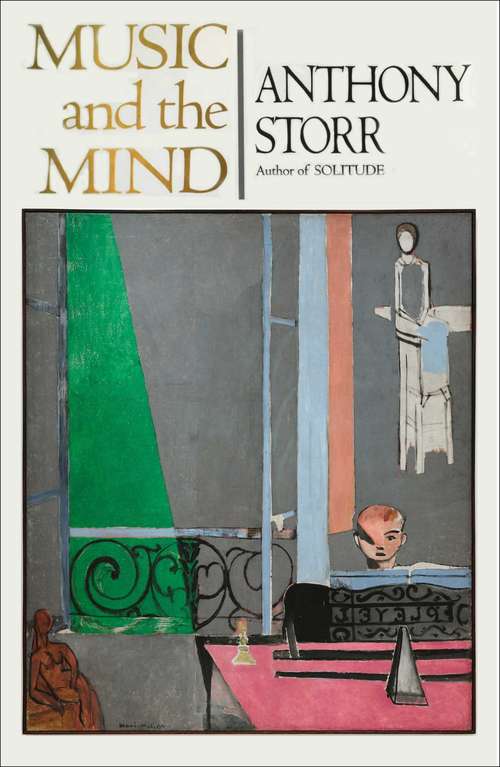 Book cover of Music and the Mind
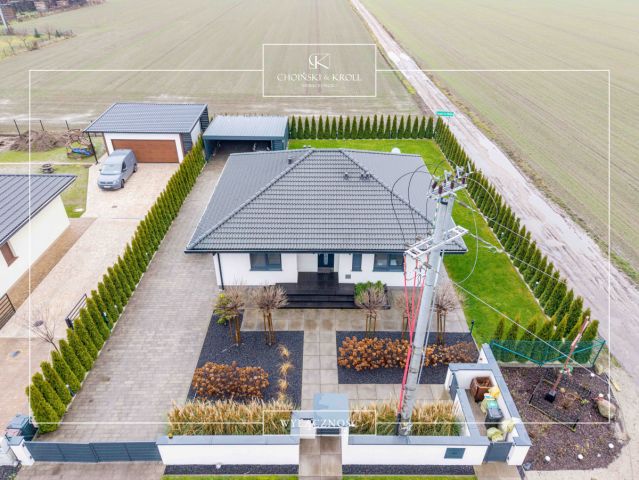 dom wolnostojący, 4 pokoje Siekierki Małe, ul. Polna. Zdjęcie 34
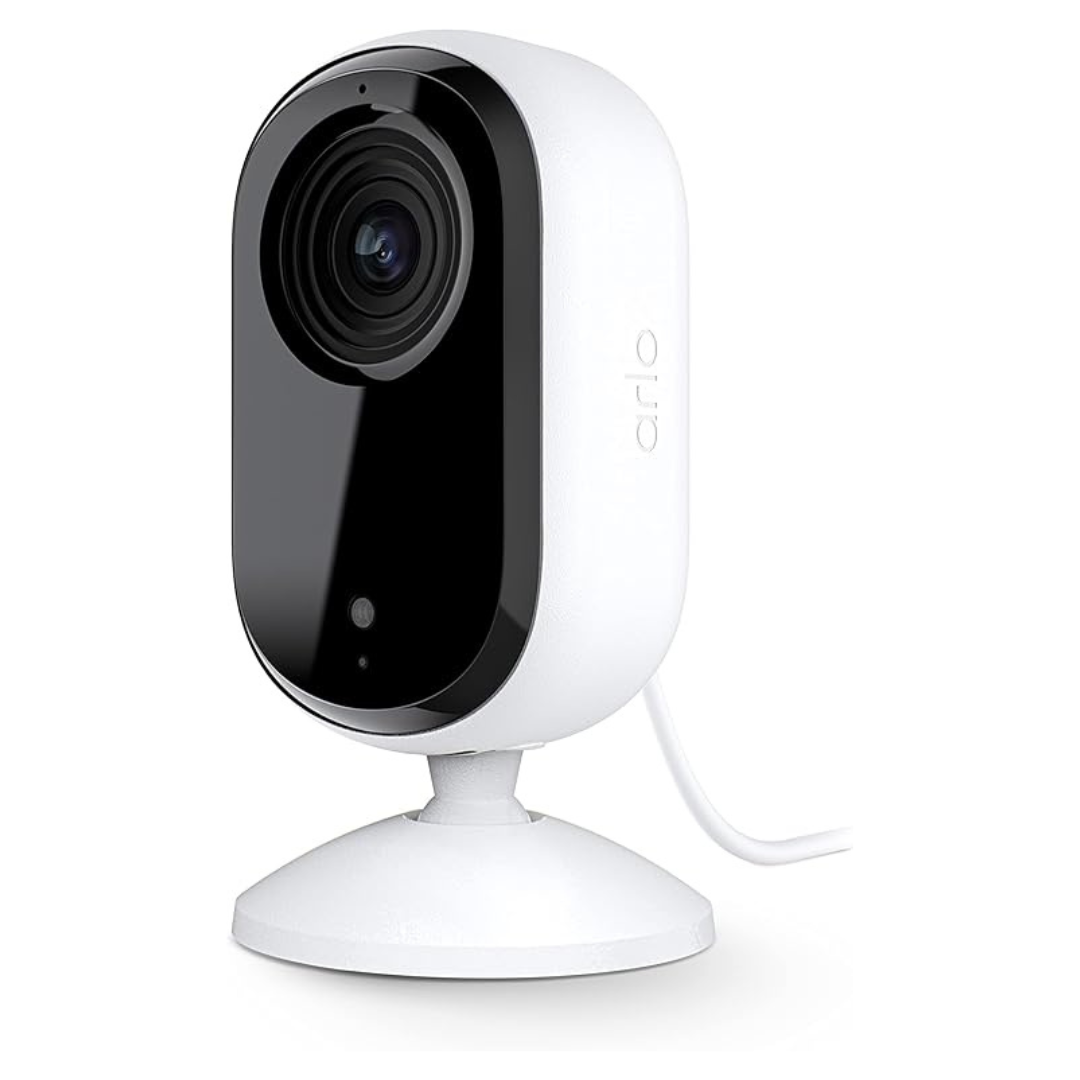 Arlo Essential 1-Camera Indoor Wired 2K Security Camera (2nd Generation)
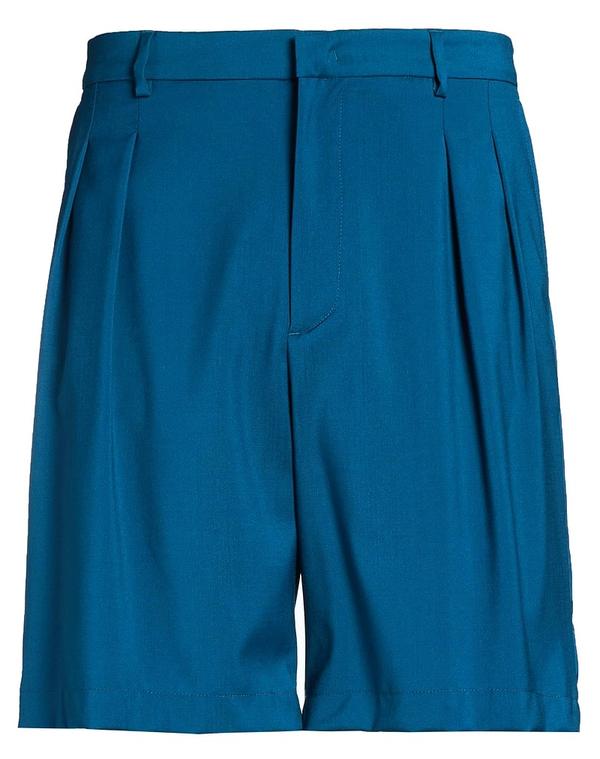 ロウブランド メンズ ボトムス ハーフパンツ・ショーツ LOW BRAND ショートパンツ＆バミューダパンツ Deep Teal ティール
==
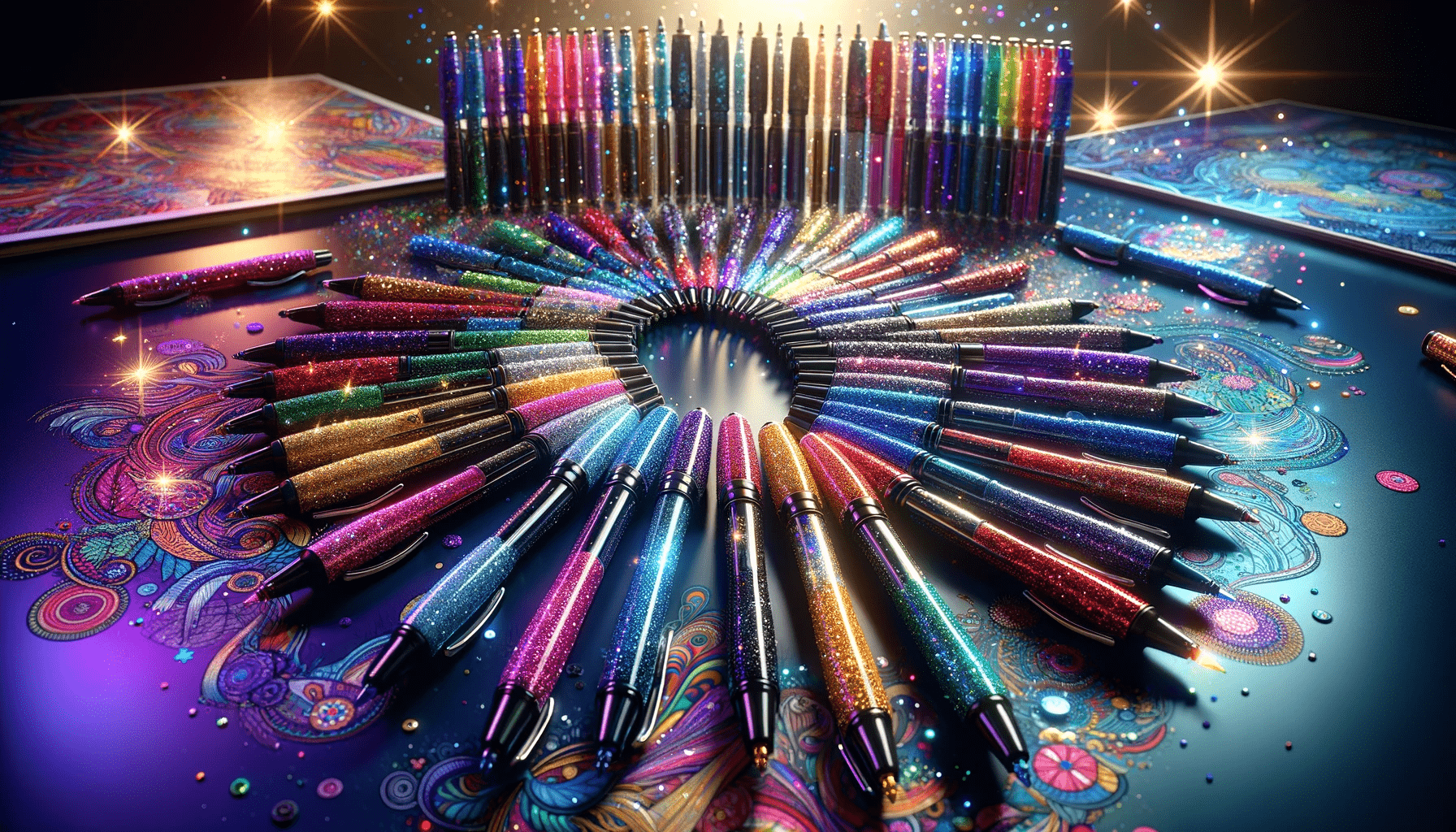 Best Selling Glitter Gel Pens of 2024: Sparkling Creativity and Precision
...
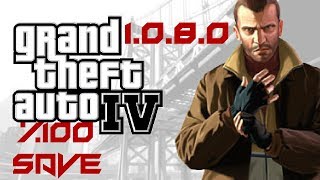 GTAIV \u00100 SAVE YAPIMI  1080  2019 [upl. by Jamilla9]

WHAT IS REQUIRED: The data above holds the lines to copy: start at the one with "dom wolnostojący, 4", stop at the one with "ロウブランド メンズ ボトムス", include both, copy them exactly without pictures, and copy nothing else.

EXERCISE ANSWER:
 dom wolnostojący, 4 pokoje Siekierki Małe, ul. Polna. Zdjęcie 34
 Arlo Essential 1-Camera Indoor Wired 2K Security Camera (2nd Generation)
 ロウブランド メンズ ボトムス ハーフパンツ・ショーツ LOW BRAND ショートパンツ＆バミューダパンツ Deep Teal ティール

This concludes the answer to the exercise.